Mme Baïpo-Temon a ensuite évoqué les progrès réalisés par le Gouvernement, avec le soutien de la MINUSCA et de l’Union européenne dans le cadre de l’extension de l’autorité de l’État sur l’ensemble du territoire national. Ainsi, elle a cité le redéploiement des préfets et sous-préfets dans les préfectures; la mise en œuvre de réformes dans les secteurs de la sécurité et de la défense nationale; la formation de 500 policiers et gendarmes; ou encore le lancement par le Président du pays du programme de DDRR. La Ministre a souligné que la lutte contre l’insécurité est un défi permanent, « notre défi permanent », a-t-elle insisté en notant que cela nécessite plus d’efficacité et de mutualisation d’efforts de la part de son gouvernement. Elle a ajouté que « pour la République centrafricaine, l’objectif est la restauration d’un État de droit ».
En outre, la RCA a pris acte du calendrier se trouvant dans la dernière résolution du Conseil de sécurité renouvelant le régime de sanctions, notamment l’exigence de la publication, fin avril prochain, d’une feuille de route qui ouvrira la voie, au regard des efforts consentis, à un assouplissement de l’embargo sur les armes.
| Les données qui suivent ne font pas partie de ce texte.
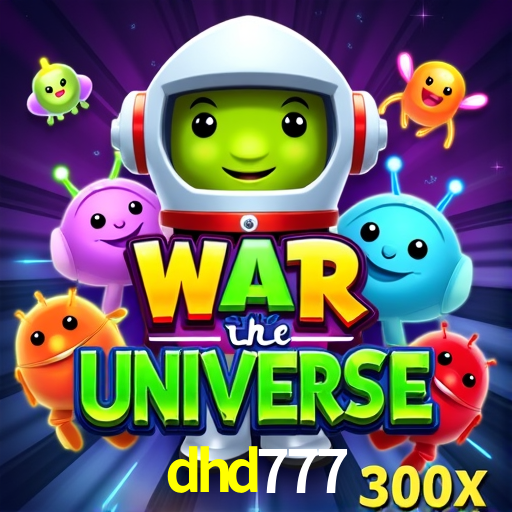Desvendando o Mundo dos Jogos Virtuais na dhd777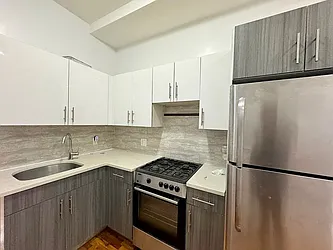 Rented by Pear NYC LLC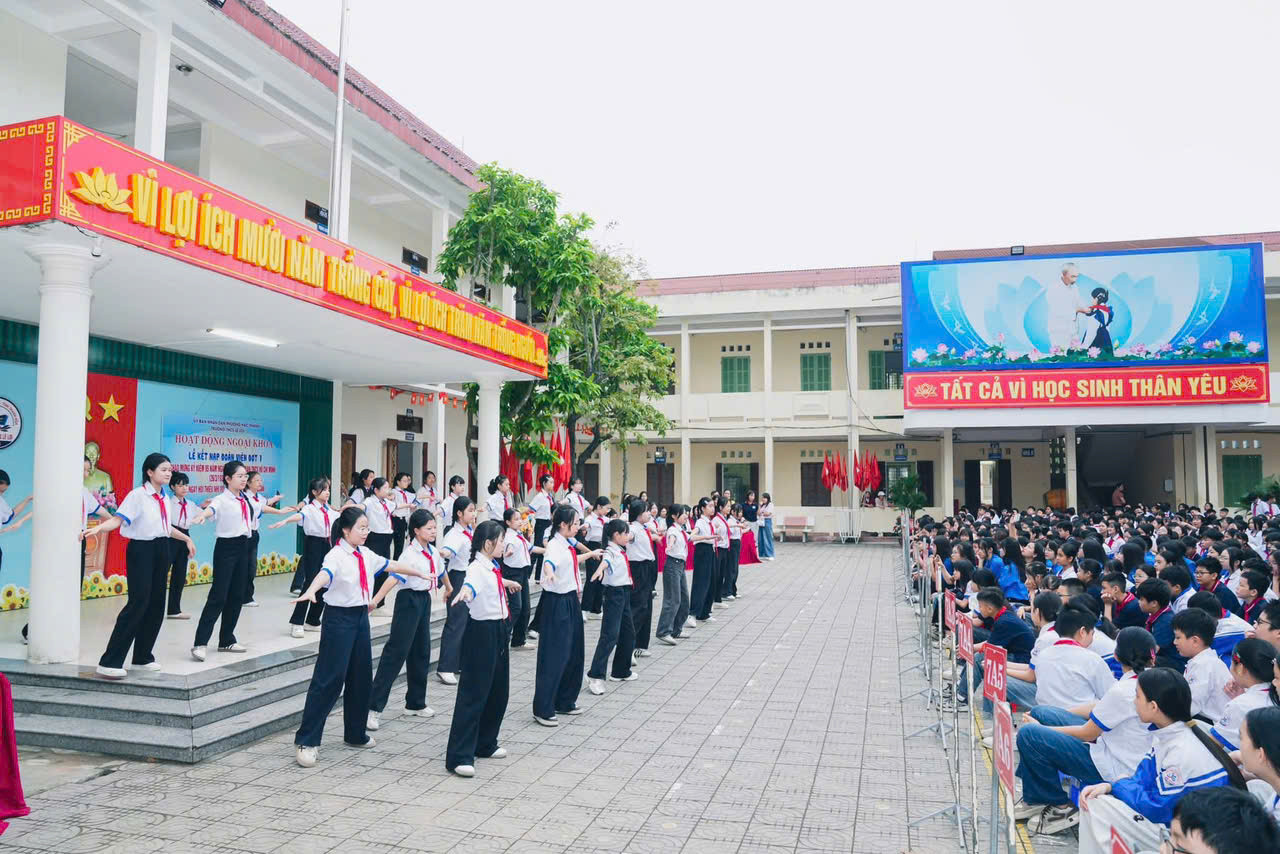 khaigiangcb.jpg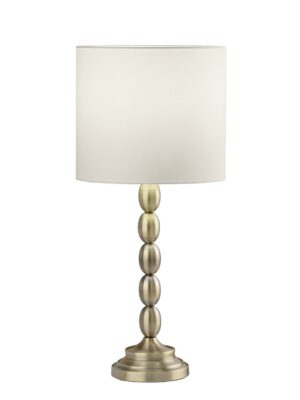 PORTATIL BRERA CUERO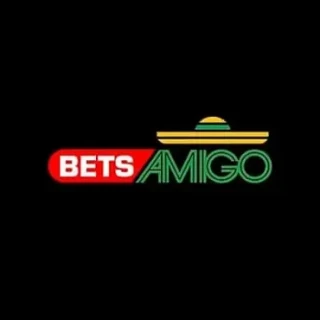 BetsAmigo Casino Review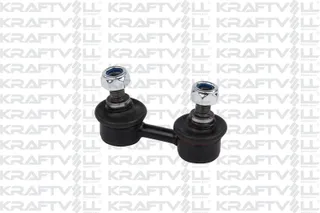 Stabilizer Z Rotu On Toyota Corolla E10 Ae111 92-97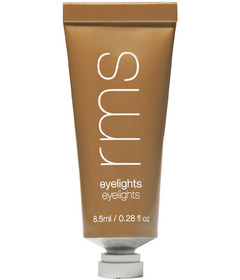 RMS Beauty Eyelights Cream Eyeshadow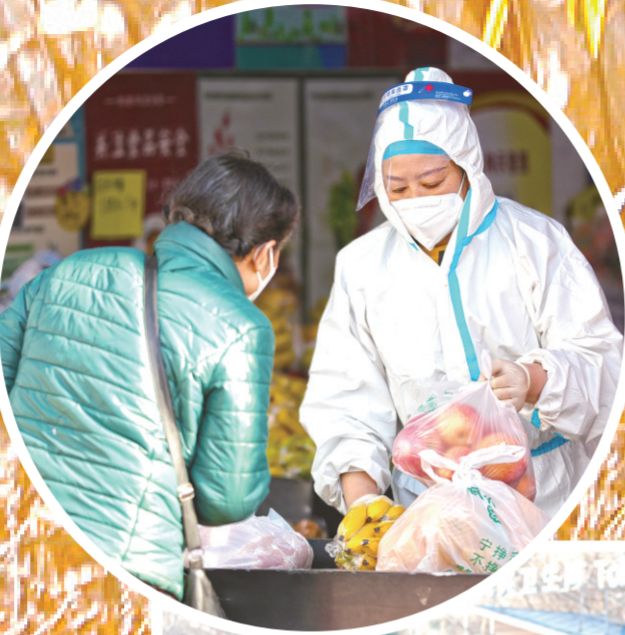 QQ截图20221120122029.png QQ截图20221120122029.png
La Ministre des affaires étrangères a tenu à rappeler que le régime de sanctions, avec l’embargo sur les armes et le Processus de Kimberley, ne doivent ni limiter ni restreindre les efforts et l’élan entrepris par la RCA dans sa quête de la paix, la restauration de l’autotrié de l’État sur toute l’étendue du territoire et son développement économique. Elle a rappelé que « comme tous les États, l’État centrafricain a pour mission et devoir la protection de sa population et de son territoire, ainsi que l’assurance du bien-être social de sa population ». Enfin, Mme Baïpo-Temon a rendu hommage à M. Parfait Onanga-Anyanga, qui quitte le pays après « plus de trois ans de travail bien accompli », lui qui aura été « l’un des artisans de l’Accord de paix ». Elle n’a pas manqué de souhaiter la bienvenue à M. Mankeur Ndiaye, le nouveau Représentant spécial du Secrétaire général des Nations Unies en République centrafricaine et Chef de la MINUSCA.